Editor’s Note: As the North Carolina Biotechnology Center and a host of biotech and life science companies within the state head to San Diego, Calif., for the national BIO convention, Robin Deacle, vice president of corporate communications for the center, provides an overview of a key sector of the North Carolina’s life science industry: Agbio. On Monday, Jim Shamp of the Center reviewed the state’s contract research organization sector.

RESEARCH TRIANGLE PARK, N.C. - The United Nations projects that by 2050, we’ll have nine billion people in the world. Those additional 1.8 billion people will need to eat. Where will all that food come from?

It’s a question that North Carolina companies are researching in earnest.

For example, we know we’ll need crops that tolerate drought, but will there be new ways of controlling pests and disease? North Carolina has companies working on that.

We’ll need new sources of protein, including new feed grains for our meat animal industry. North Carolina has people working on that.

Will plants need to get new life as green medicine factories? North Carolina even has companies working on that.

More than 80 ag biotech companies and a workforce of 8,000 call North Carolina home. Five of the top six ag biotech companies have headquarters or major research facilities in the state. And numerous entrepreneurial companies are developing the technologies that will help us meet future demand for food.

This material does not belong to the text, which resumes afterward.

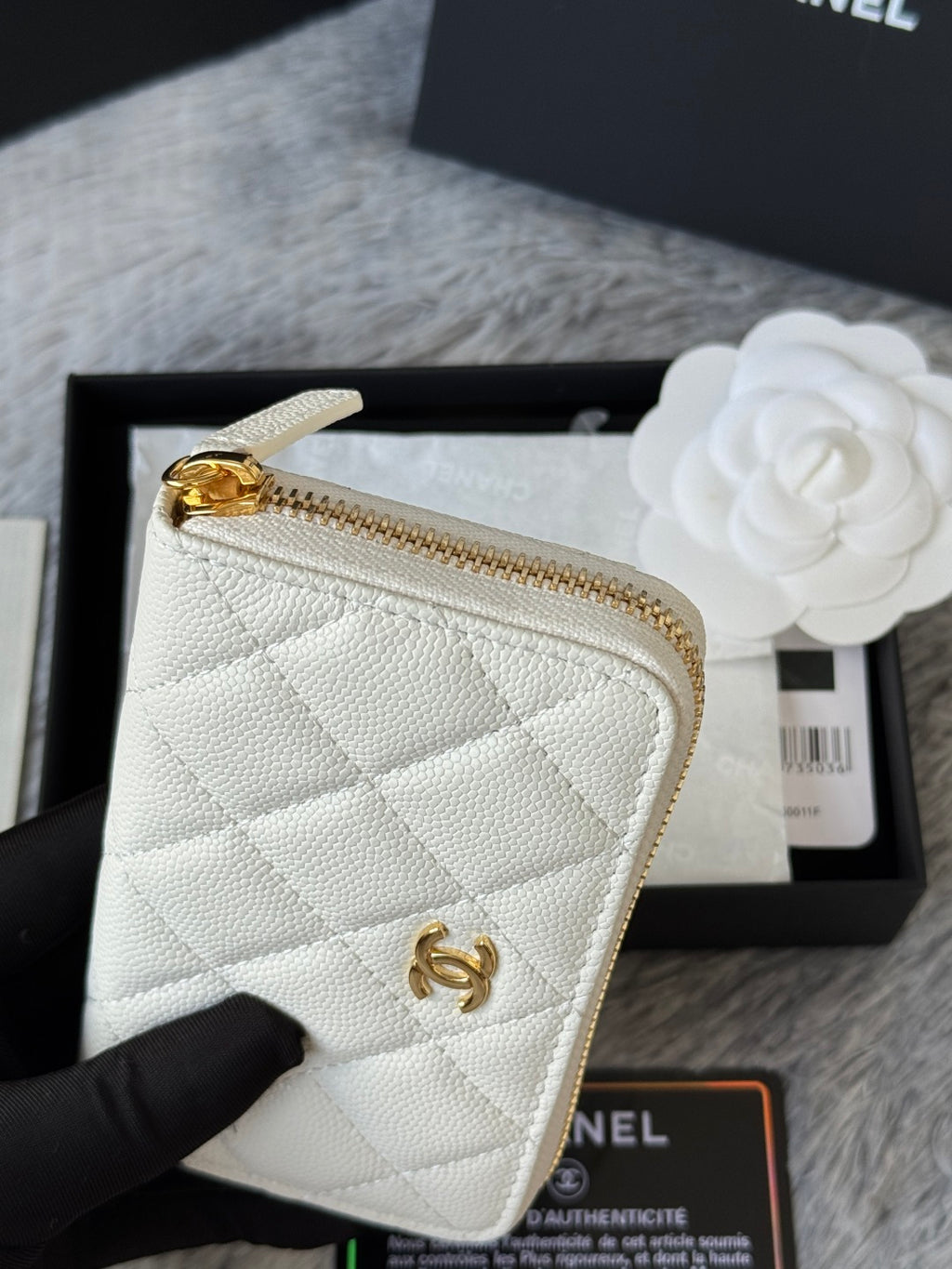 White quilted small bag close-up with gold zipper and gold CC logo hardware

Ag biotech isn’t limited to food, though that’s a pretty important topic. North Carolina’s companies are developing biofuels, vaccines, antibiotics, diagnostics and early-warning tests for biodefense.

The North Carolina Biotechnology Center’s Ag Biotech Initiative is working to grow this sector for the state. Launched in 2009, the initiative has connected large companies, entrepreneurial companies and supporting partners statewide to catalyze ag biotech cluster development. Some of the state’s recent successes:

BASF, Bayer CropScience, Novozymes and Syngenta, all with headquarters in North Carolina, announced major expansions in the state.

The Biotechnology Crop Commercialization Center’s first project to replace feed corn for the meat animal industry increased sorghum production five-fold and created significant cost savings.

The nation’s first ag biotech high school is preparing to welcome its third class this fall.

NCBiotech’s ag biotech initiative is one of the nearly 30 participants in the North Carolina Pavilion at the BIO International Convention June 23-26 in San Diego.